DEPA has agreed to acquire Shell’s 49 percent share of the EPA Attiki gas supply and EDA Attiki gas distribution ventures covering the wider Athens area. DEPA already holds the majority 51 percent in these ventures.

It remains unclear if DEPA and Shell could be asked to revise the terms of their agreement.

Competition committee key to DEPA-Shell deal, utility privatization

A Competition Committee decision on the DEPA gas utility’s local takeover agreement with Shell, crucial for the outcome of the utility’s privatization, could be delivered today.

DEPA and Shell have stuck a deal entailing the Greek utility’s acquisition of the Dutch firm’s 49 percent share of the EPA Attiki gas supply and EDA Attiki gas distribution ventures covering the wider Athens area. DEPA already holds the majority 51 percent in these ventures.

Competition Committee officials are examining whether the DEPA-Shell deal would constitute an over-accumulation of power.
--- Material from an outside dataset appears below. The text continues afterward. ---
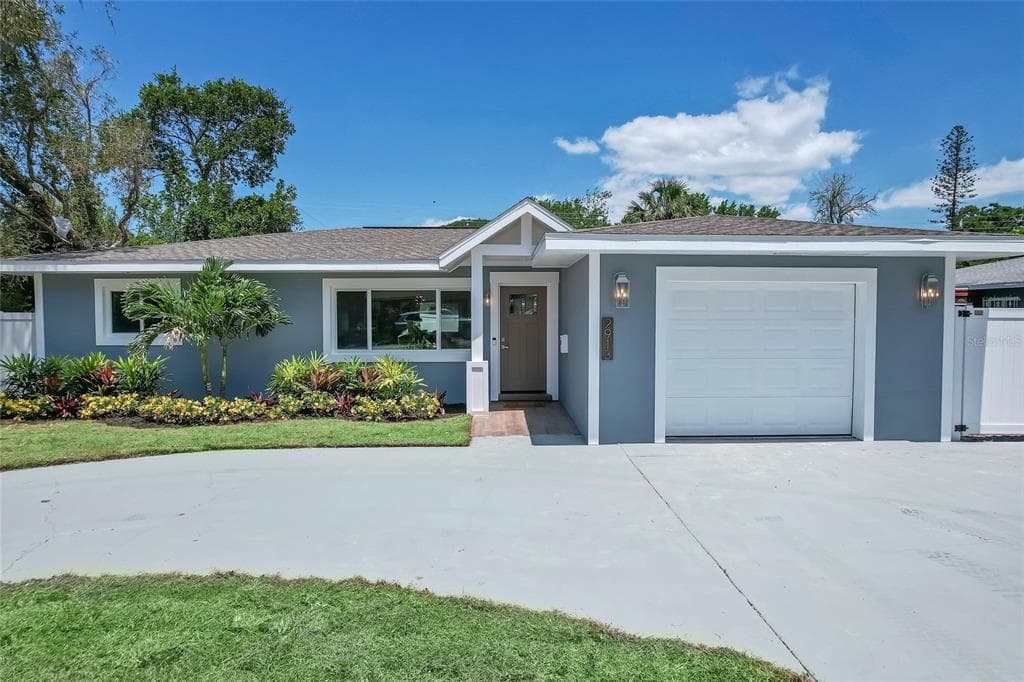2913 PONCE DE LEON WAY S ST PETERSBURG, FL 33712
The committee’s examination is focused on DEPA’s dominance as a gas supplier in the wider Athens market combined with its key role in the country’s wholesale gas market.
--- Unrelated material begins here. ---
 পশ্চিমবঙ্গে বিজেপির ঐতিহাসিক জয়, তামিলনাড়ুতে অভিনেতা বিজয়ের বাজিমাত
The time it will take to complete this examination will determine the ensuing DEPA privatization’s schedule.

The DEPA-Shell agreement is planned to serve as a basis for a plan to split DEPA into two corporations, DEPA Trade and DEPA Infrastructure.

According to TAIPED, the state privatization fund, a draft bill for DEPA’s split needs to be submitted to parliament in October, while non-binding bids in a tender for DEPA Trade, the first part of the sale, are planned for November.

A 50.1 percent stake of DEPA”s trading firm is expected to be offered to investors. The Greek State is expected to retain a 51 percent stake in DEPA Infrastructure.

Certain pundits do not expect the DEPA privatization procedure to be completed before the summer of 2019. Municipal, European Parliament and national elections are all due in 2019, which has raised fears of DEPA privatization delays.

Tougher inspection may delay DEPA-Shell deal, privatization

A recent takeover agreement between Greek gas utility DEPA and Shell concerning the former’s acquisition of the Dutch firm’s 49 percent share of the EPA Attiki gas supply and EDA Attiki gas distribution ventures covering the wider Athens area could be delayed, if not forced to change, by local Competition Committee concerns over the deal’s impact on market competition. Subsequently, a privatization plan for DEPA could also be delayed.

The committee is considering launching a full-scale inspection on the resulting accumulation of power the agreement with Shell would offer DEPA, already holding a 51 percent majority in these Athens supply and distribution ventures prior to the deal.

According to sources, the gas utility is expecting a committee decision, on whether to conduct an in-depth investigation or clear the deal, on September 17. Should a full-scale inspection be launched, the committee will have 90 days to deliver a decision. If this period elapses, then the DEPA-Shell agreement will be automatically approved.

In July, DEPA announced it had agreed to acquire Shell’s 49 percent in the EPA Attiki gas supply and EDA Attiki gas distribution ventures for 150 million euros.

On another front, the Greek gas utility’s withdrawal from the Zenith gas supply company covering the country’s north, through the sale, for 57 million euros, of a 51 percent stake in this venture to Italy’s Eni, previously a minority partner with a 49 percent share, has been endorsed.